This country does not lack the technology, or the people, or the money to go back to the moon. Even the orbital junkpile that is a Kessler event waiting to happen is not an impediment. What this country (and maybe even the planet) lack is the WILL.

This isn't worrying about falling off the edge of the world, like a fair share of Columbus's crews worried about.

The Admiral wrote about Lunar travel limited by the tech of his day. I have to think that he passed away utterly astonished that we hadn't been back. (He died in 1988.) The tech of this day and age is way more than enough to do what exploration in the past only did in limited amounts: advance parties.

It is possible to gun stuff at the moon in either fast or slow orbits and make controlled landings. And with those landings, probes could be deployed. WORKING probes, able to deploy equipment for later live crews, conduct surveys... even BUILD from lunar regolith.

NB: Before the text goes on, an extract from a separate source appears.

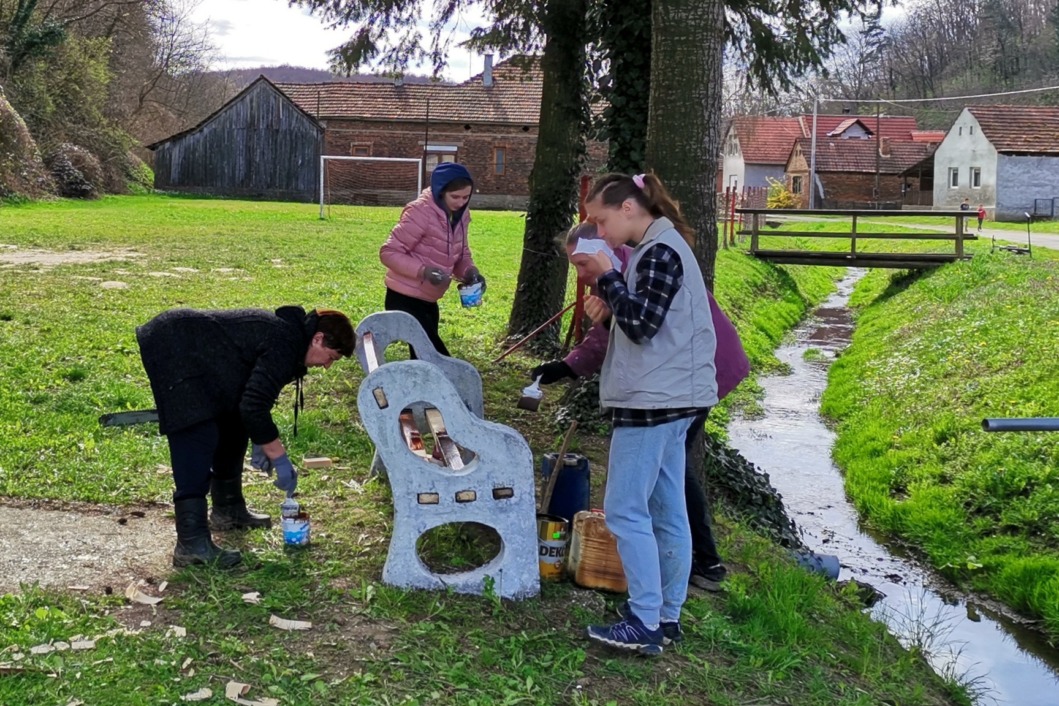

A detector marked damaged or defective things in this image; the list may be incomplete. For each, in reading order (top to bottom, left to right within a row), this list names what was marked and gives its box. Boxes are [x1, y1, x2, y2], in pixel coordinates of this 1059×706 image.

These things are absolutely possible at a mere 400,000 kilometer range. Proof of that is on the surface of Mars, in the shape of the active Mars Exploration Rover Opportunity and the sadly nonfunctioning Spirit. These devices were only supposed to work for ninety days. Spirit worked for over 2000 days before failure... and Opportunity has done more than TWICE that, and is still working. This all being done  with solar power, on a planet subject to dust storms, wind speeds, abrasive fines, and orbital mechanics that makes for long periods of radio down time. For the same money and launchers, I'd bet a DOZEN larger, more robust rovers could have been on the moon. And more than just science packages. Construction... and even repair of each other... or get REALLY ambitious and go to the cold war era probe sites and see how they stood the test of time.

Frustrated musings, perhaps.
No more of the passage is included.